Image-text web data -
····················
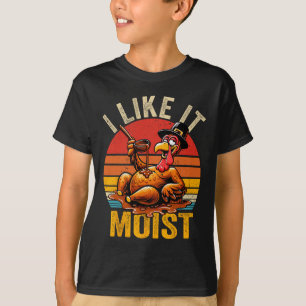 Ich mag es feucht zum Erntedankfest Kostüm Truthah T-Shirt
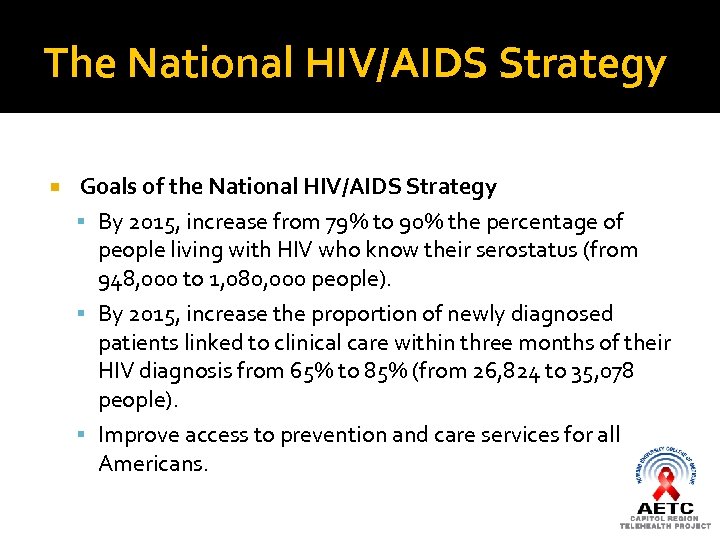 The National HIV/AIDS Strategy Goals of the National HIV/AIDS Strategy By 2015, increase from
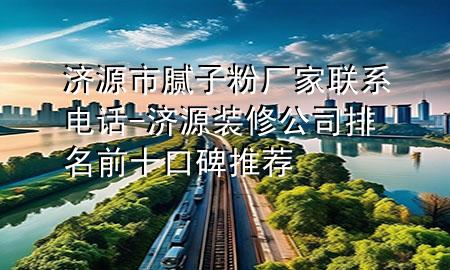 濟(jì)源市膩子粉廠家聯(lián)系電話-濟(jì)源裝修公司排名前十口碑推薦
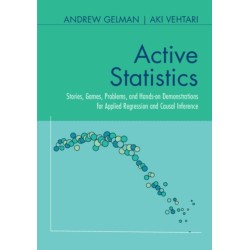 Active Statistics: Stories, Games, Problems, and Hands-on Demonstrations for Applied Regression and Causal Inference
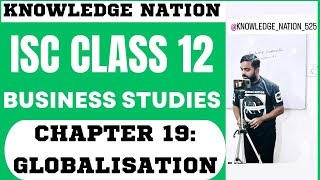 CH 19 GLOBALIZATION  BUSINESS STUDIES  ISC CLASS 12 [upl. by Cirdet279]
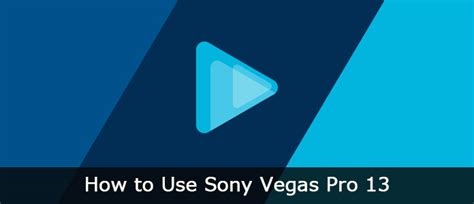 Image result for Tutorial Vegas Pro 13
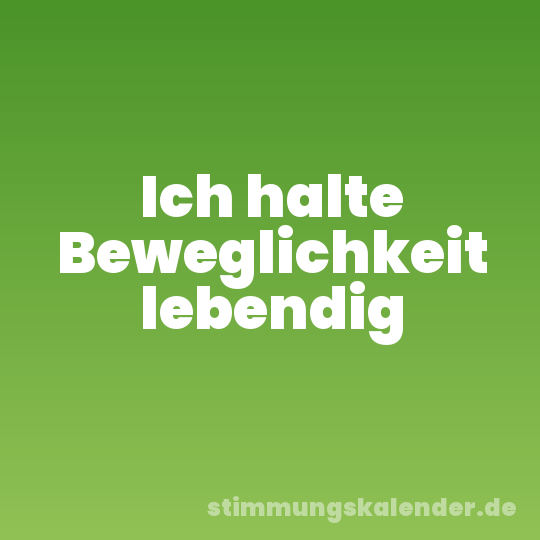 Ich halte Beweglichkeit lebendig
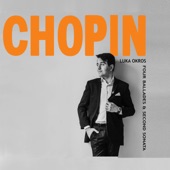 Chopin: Four Ballades & Second Sonata artwork
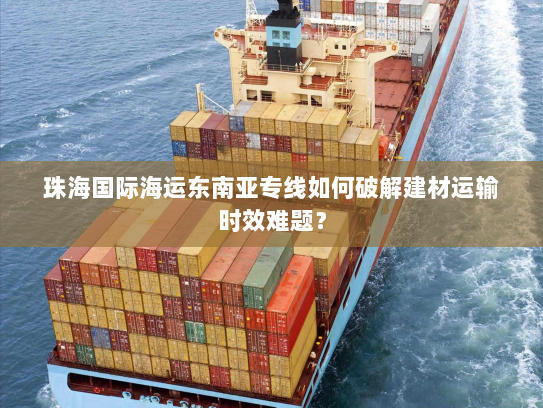 珠海国际海运东南亚专线如何破解建材运输时效难题？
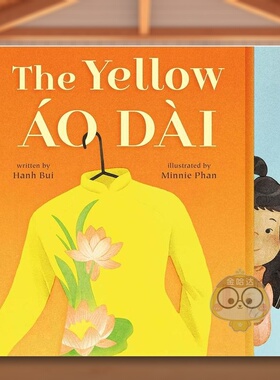 【预售】黄色的奥黛The Yellow áo Dài英文儿童绘本自我认知情绪管理3-6岁精装进口原版书Bui  Hanh FEIWEL & FRIENDS书籍图书外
····················
WORK INSTRUCTION -
From the first line to the last, copy the records exactly and skip the pictures.

RESULT OF THE EXERCISE -
 Ich mag es feucht zum Erntedankfest Kostüm Truthah T-Shirt
 The National HIV/AIDS Strategy Goals of the National HIV/AIDS Strategy By 2015, increase from
 濟(jì)源市膩子粉廠家聯(lián)系電話-濟(jì)源裝修公司排名前十口碑推薦
 Active Statistics: Stories, Games, Problems, and Hands-on Demonstrations for Applied Regression and Causal Inference
 CH 19 GLOBALIZATION  BUSINESS STUDIES  ISC CLASS 12 [upl. by Cirdet279]
 Image result for Tutorial Vegas Pro 13
 Ich halte Beweglichkeit lebendig
 Chopin: Four Ballades & Second Sonata artwork
 珠海国际海运东南亚专线如何破解建材运输时效难题？
 【预售】黄色的奥黛The Yellow áo Dài英文儿童绘本自我认知情绪管理3-6岁精装进口原版书Bui  Hanh FEIWEL & FRIENDS书籍图书外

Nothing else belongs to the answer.